_DATASET CONTENT_
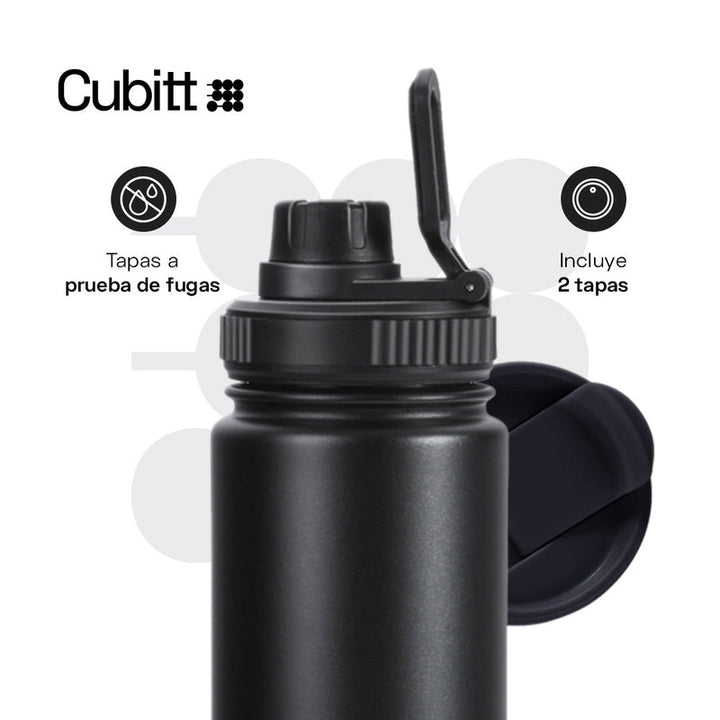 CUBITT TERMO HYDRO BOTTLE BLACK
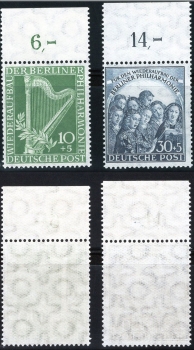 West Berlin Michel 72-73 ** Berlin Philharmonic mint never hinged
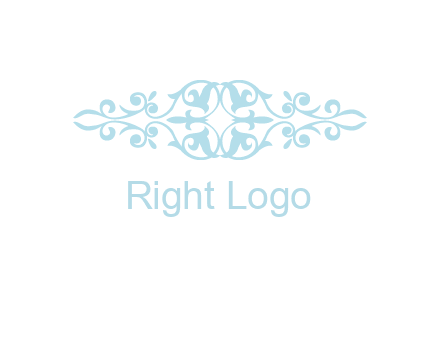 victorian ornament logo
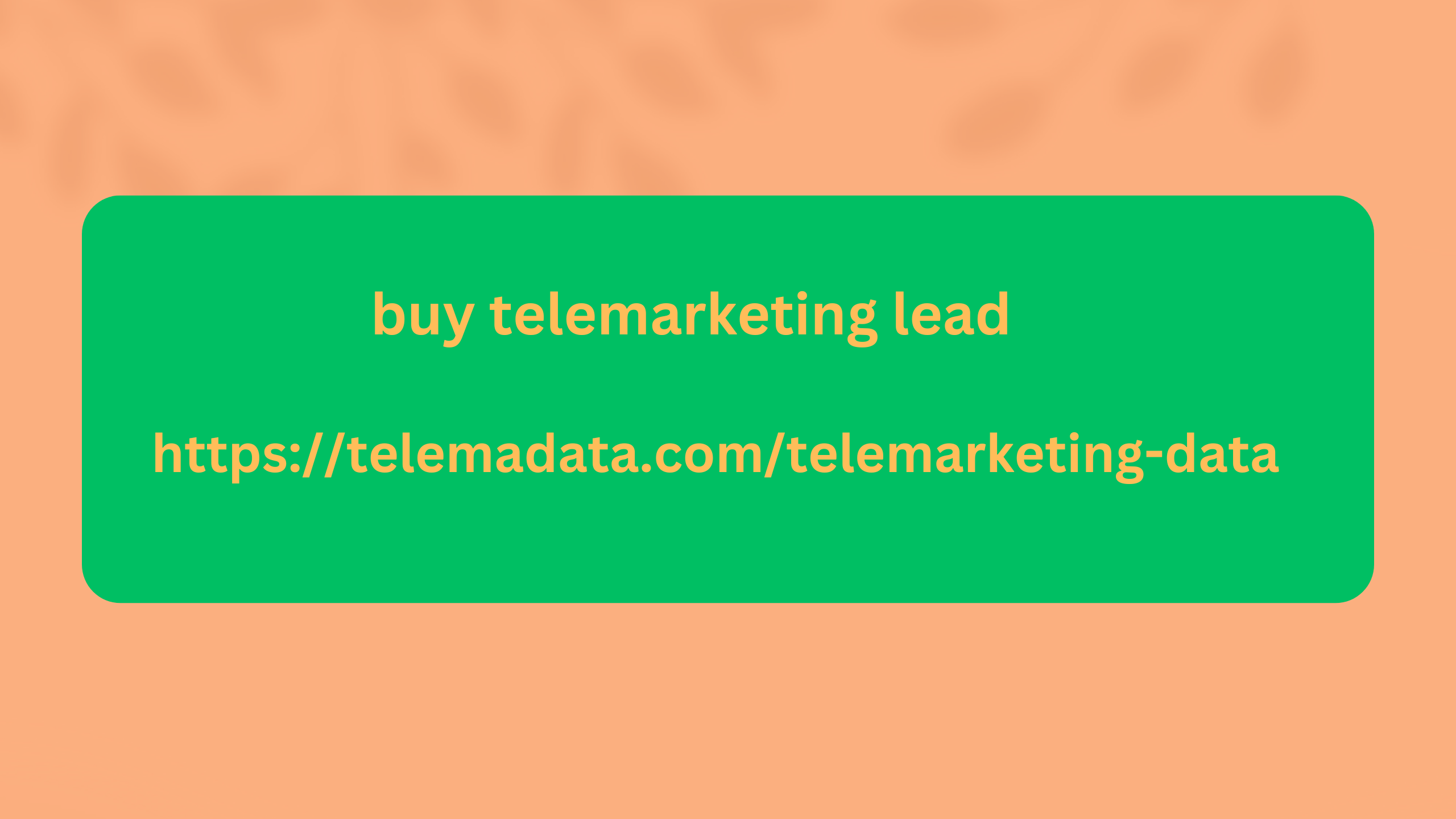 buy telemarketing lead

_INSTRUCTIONS TO FOLLOW_
All of the material above should be copied exactly, minus the pictures.

_ANSWER TO THE PROBLEM_
 CUBITT TERMO HYDRO BOTTLE BLACK
 West Berlin Michel 72-73 ** Berlin Philharmonic mint never hinged
 victorian ornament logo
 buy telemarketing lead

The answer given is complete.